I freehand dog rockets
Don't count laps. Look for the feedback. You SHOULD have something to bridge the gap between 1k and 8k. Wanna do it with the 8k? Fine. Gonna take a lot of rubbing. How many laps? As many as it takes. At the 8k level you should get very good stiction. When you get stiction and it increases and finally stops increasing, stop. By then, your pressure should be only the weight of the razor. Hone in hand, not on a bench. Old pros can hone on a bench or a sink bridge or whatever. They have the experience and the knowledge that goes beyond just words in a post. You don't, and you will mess up if you bench hone. Trust me. You will get it eventually, but why wait for eventually? Okay, so you don't want to wait for a 4k. Okay, go on the 8k until you get stiction and finally it stops increasing. Stop. Do this. Go a few dozen VERY light laps, as light as you can manage, using short x strokes, maybe 4" long. Be very careful not to slap the razor on the hone. Now strop and shave. That is almost as good as it gets, for your first edge, from an 8k.

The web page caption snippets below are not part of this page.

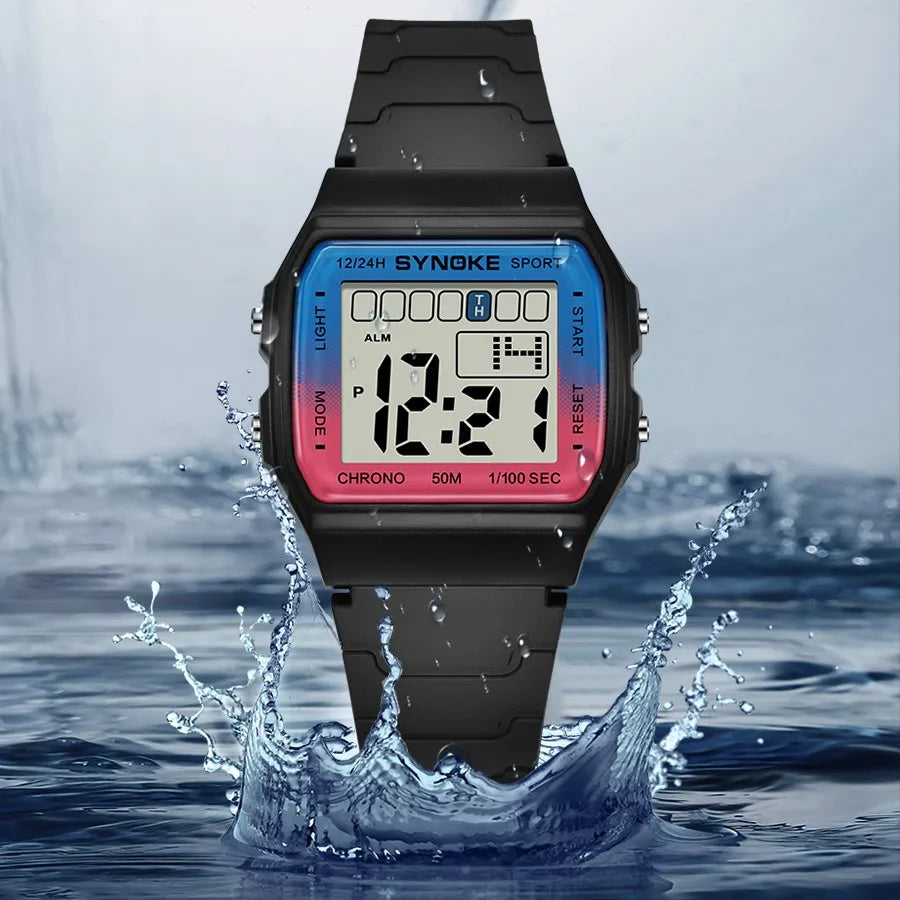 SYNOKE Unisex LED Digital Sports Watch - Waterproof Luminous Electronic Wristwatch for Kids & Adults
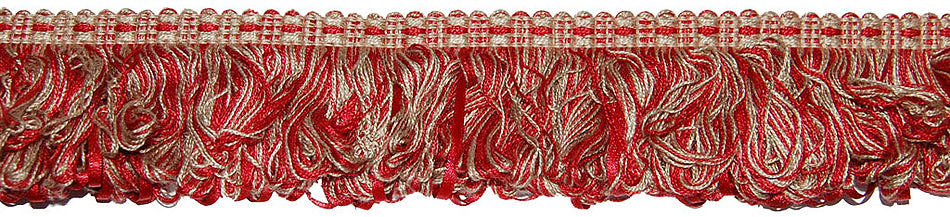 Hallis Jazz Ribbon Fringe Trimming Red Linen
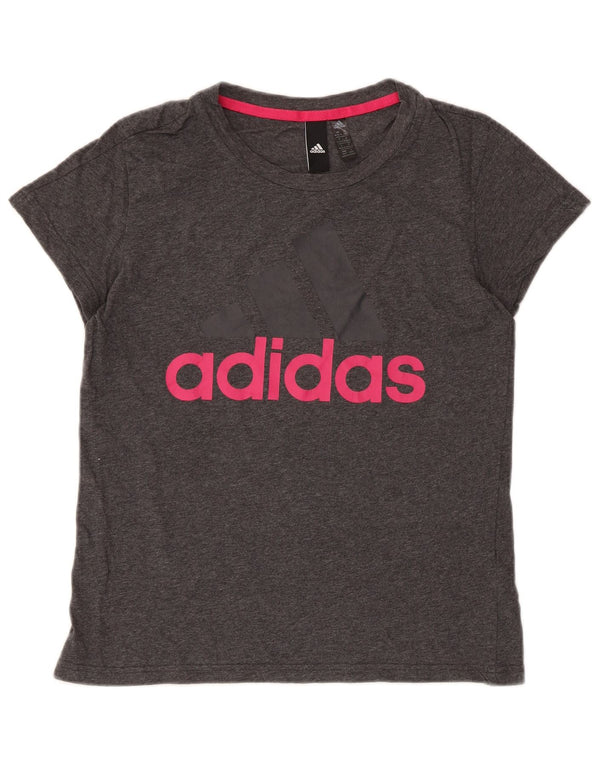 Tricou grafic Adidas pentru femei Top UK 12/14 Medium Gri Bumbac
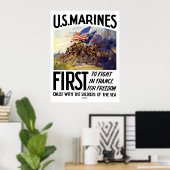 Poster Marines US - Le Premier À Se Battre En France (Bureau à domicile)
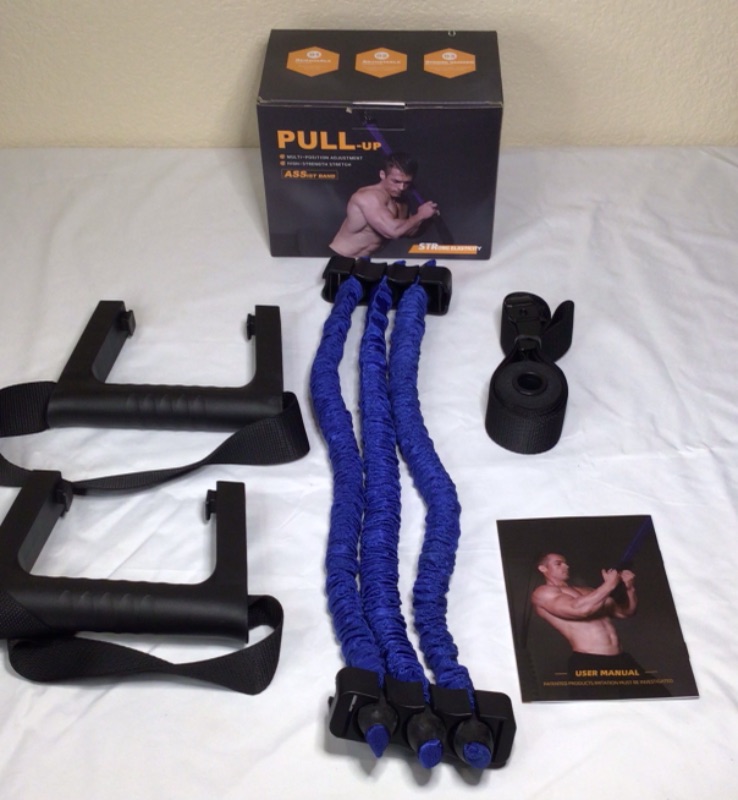 Photo 3 of amorus Pull up Assist Band System, Premium Powerlifting Assistance Band with ABS Handles, Chin Up Stretch Resistance Bands to Improve Arm, Shoulders and Chest Strength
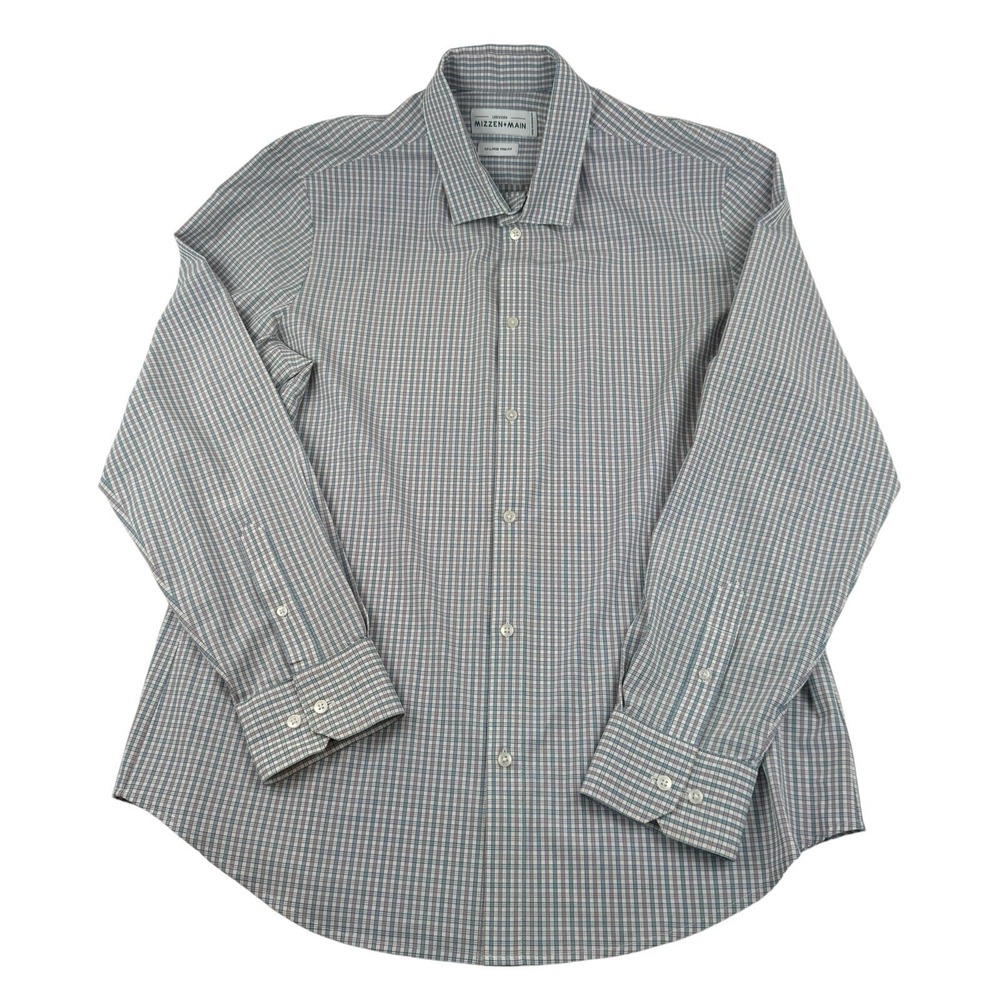 Mizzen + Main Leeward Performance Shirt 2XL Trim Fit White Red Blue Check L-9051
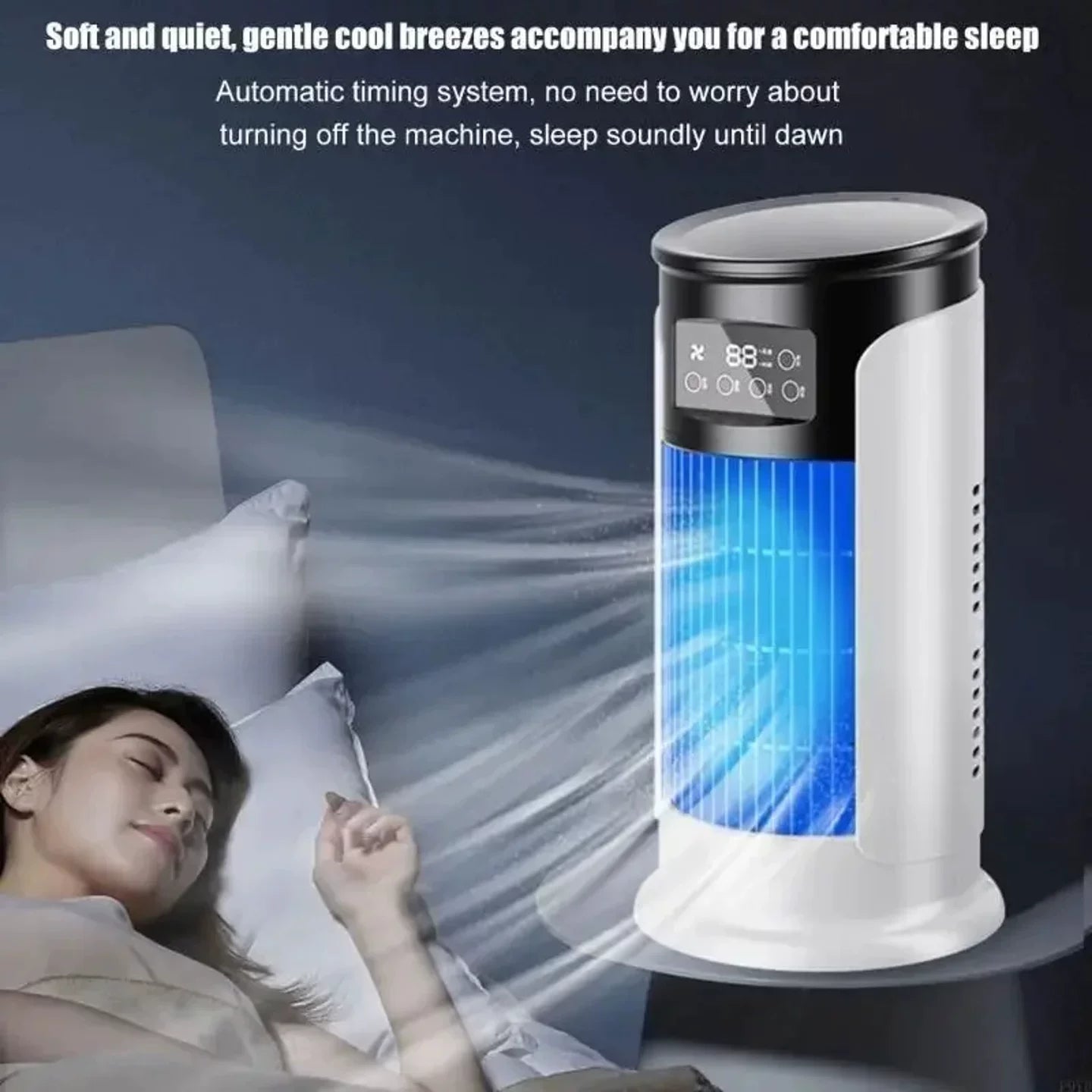 Unisex Einheitsgröße tragbarer Turm Verdunstungs-Personal-Klimaanlage mit LED-Digital-Touch-Display smarter Timer Brehn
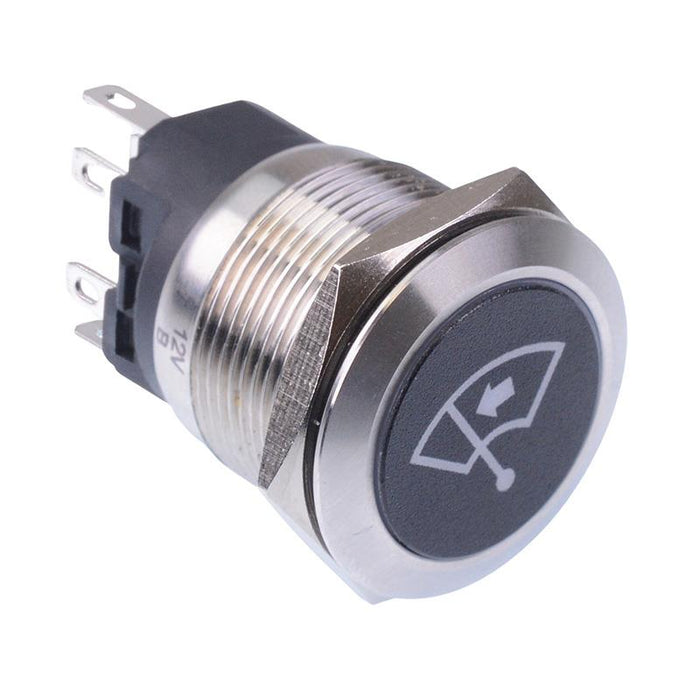 Windscreen Wiper Left' Red LED Latching 22mm Vandal Push Button Switch SPDT 12V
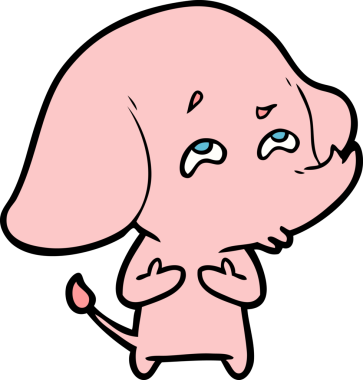 Bir insan tarafından çizilmiş karikatür fili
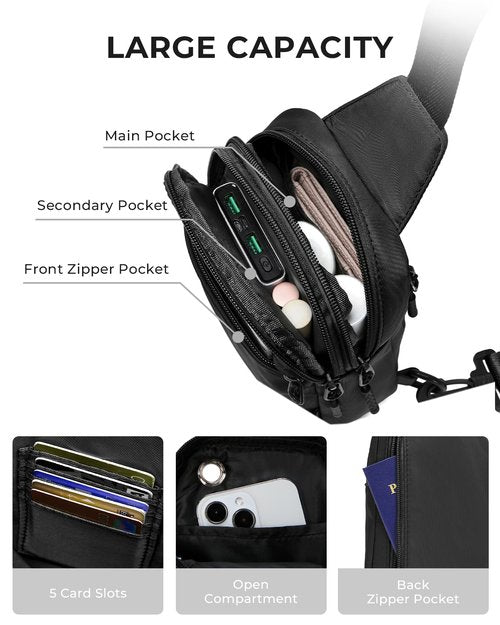 CHOLISS Small Crossbody Bags for Women and Men, Sling Backpack Travel Bag Nylon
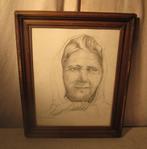 Mooie Tekening 'Oudere Vrouw met Sluier' - Henk Horward, Antiek en Kunst, Kunst | Tekeningen en Foto's, Ophalen of Verzenden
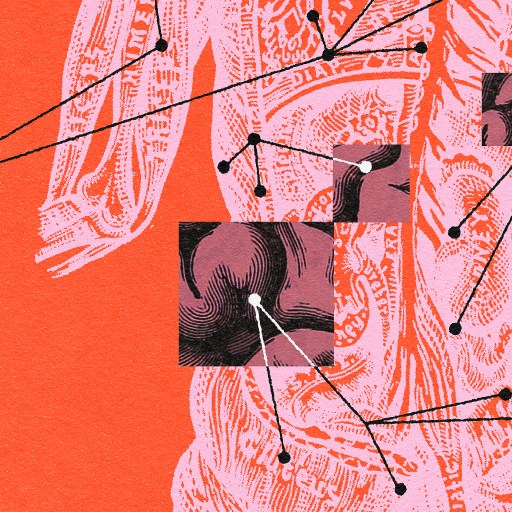 Abstract orange and pink collage with intricate line drawings of human figures and anatomical details, connected by white lines.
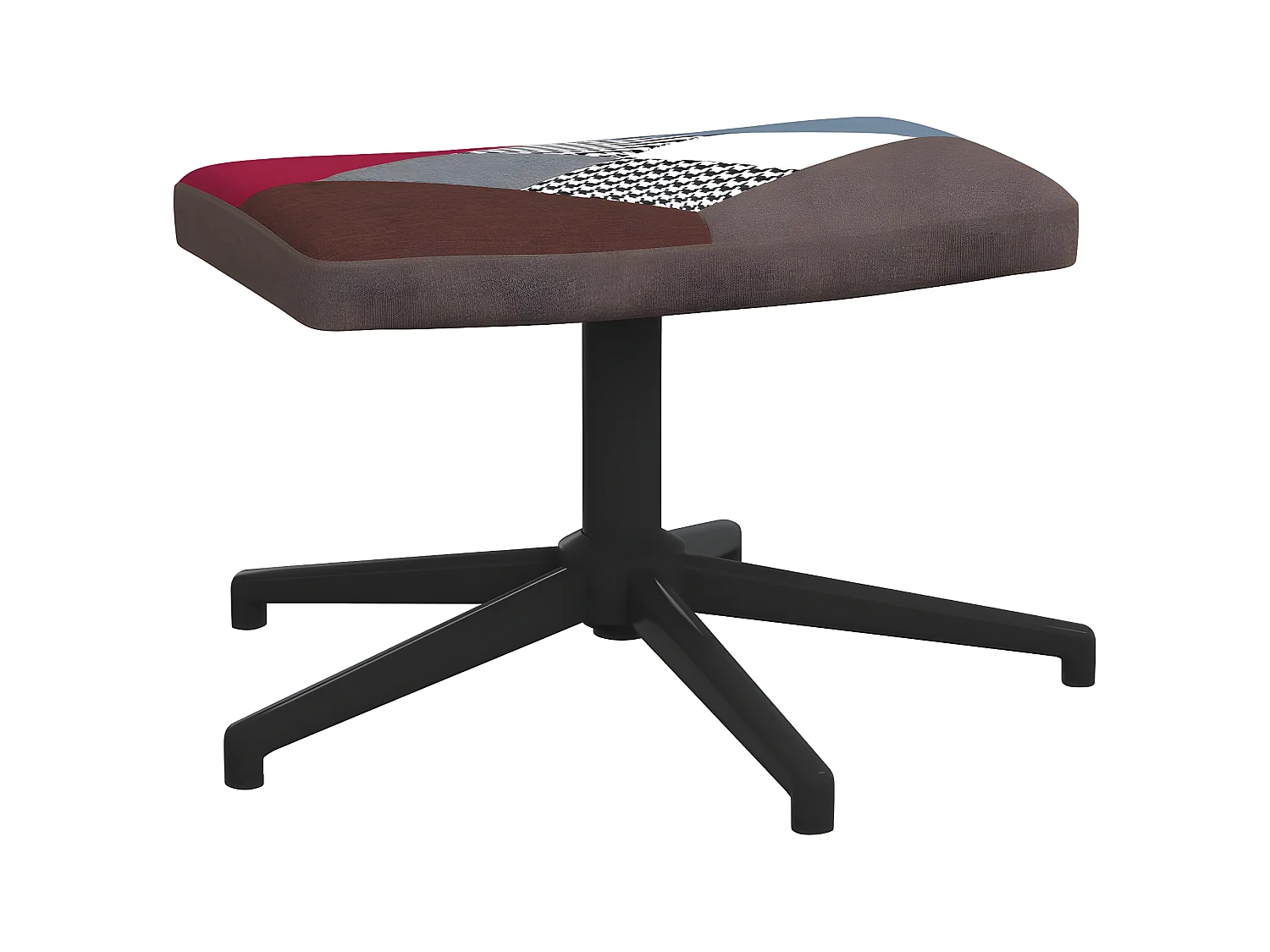 Chaise de relaxation avec repose-pied Patchwork Tissu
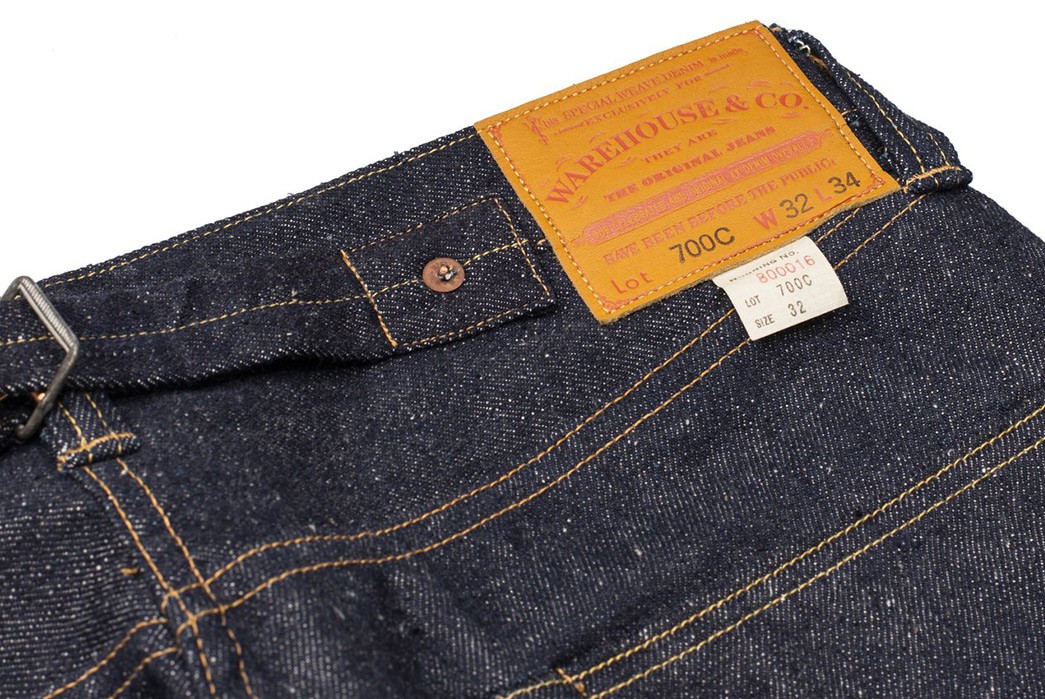 Warehouse's-Exclusive-Clutch-Cafe-Jeans-are-Limited-to-Just-50-Pairs-back-top-leather-patch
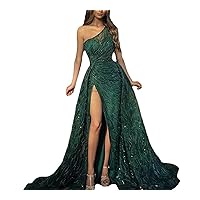 Luxury Wedding Evening Dresse Elegant One Shouder Split Women Party Night Sequined Prom Gowns Vestidos (Color : Green, Size : Small)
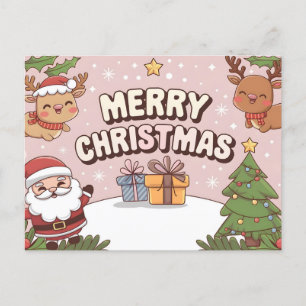 Charming Cartoon Merry Christmas Card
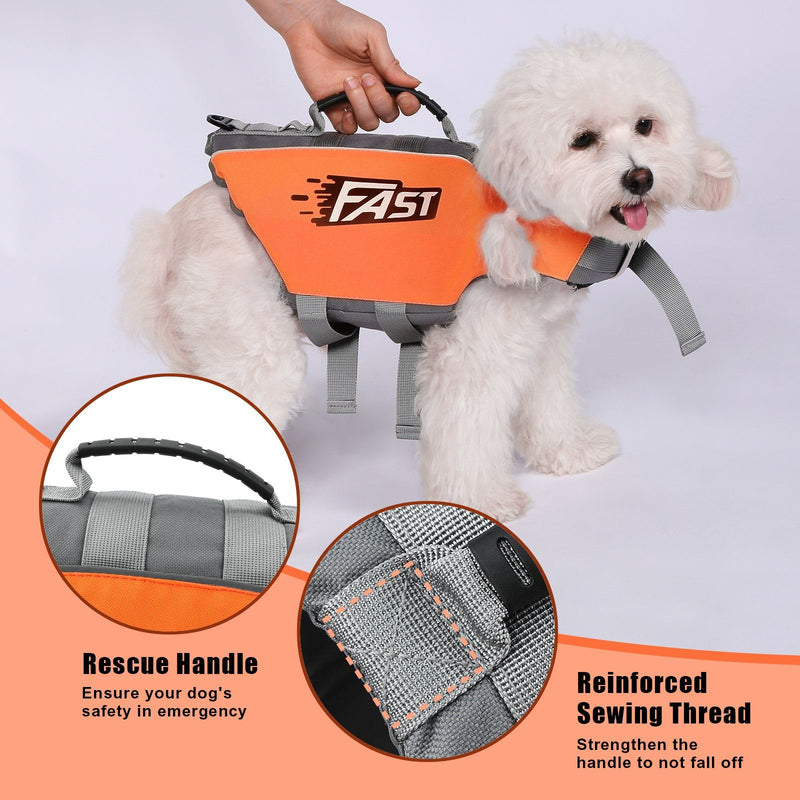 Life Jacket Reflective Safety Vest with Adjustable Buckles & Durable Rescue Small Pet Supplies - DailySale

Oh BTW you must lap your stones first. Not an option. Don't even in your wildest dreams, think that you can do this with stones that "look flat to me".
 
Yep. I got stones :001_302:. Think there's an end of the tunnel light for the Clover. Beveling/honing is very much an individual journey.

The Oxford's proving more recalcitrant. I'm going to try (re)beveling on a 1200 plate, then on to 4000/6000/10000 finishing. Next some dedicated stropping sans paste. As for setting the bevel the 40 circular strokes worked pretty well for the Clover. Same plan for the Oxford although I'm upping the grit 200.

I don't think my judgment on progression is an issue. With no bevel setting involved I previously refurbished a Wester Bros. successfully to the extent I sent it out for new scales. Maybe scaling will be my next adventure.

I'll update on the Oxford. Thanks all.